First, the paper analyzes the reasons that the detect performance of the traditional speech endpoint detection algorithm to apply in the aerial background dropped, studies the aerial noise in the intensity and type of noise, and gives a word boundary detection algorithm for variable noise environment The simulation result indicates that this performance of the endpoint decetion algorithm surpasses the traditional algorithm obviously under every kinds of noise environment. Moreover, the paper studies the traditional feature extract algorithm of MFCC in the computational complexity, finds that its computation is very big, which affects system real time.
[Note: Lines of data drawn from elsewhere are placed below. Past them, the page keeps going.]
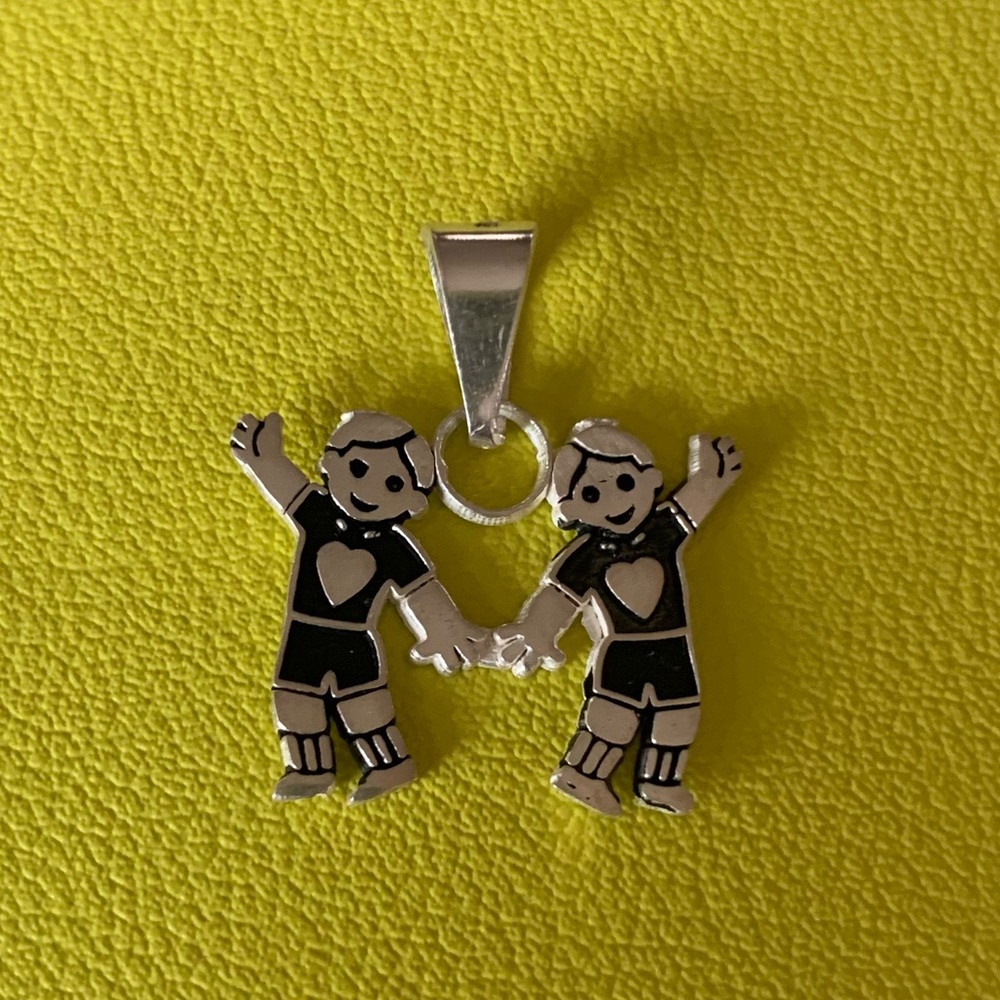 *925 Silver Jewelry Pendant Necklace*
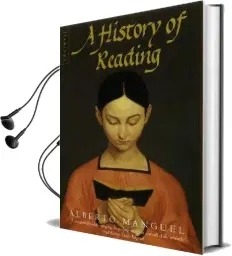A History of Reading Audiobook download free by Alberto Manguel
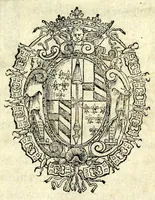 An illustration from La tiberiade di Bartole da Sasferrato, del modo di dividere l'alluuioni, l'isole, & gl'aluei (1587)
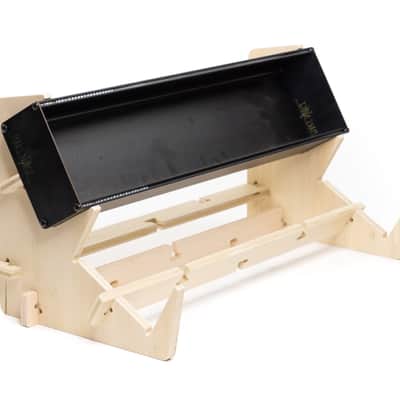 3DWaves Dual Tier Stands For The Make Noise 3U Skiff image 2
For the problem the paper improves the algorithm, ascertain the algorithmic optimum parameter by many experiment. The improved algorithm reduces the computation to half, corresponding recognition rate only cuts down 1.5%, which disregardes the effect to applying need.
The paper also introduces the hidden Markov model technology in speech recognition's application, studies the algorithmic basal principle and realization method of the acoustics model, language model and searching algorithm. For traditional Viterbi beam searching algorithm using fixed pruning threshold value's shortcoming, the paper uses the self-adjusting pruning threshold searching algorithm.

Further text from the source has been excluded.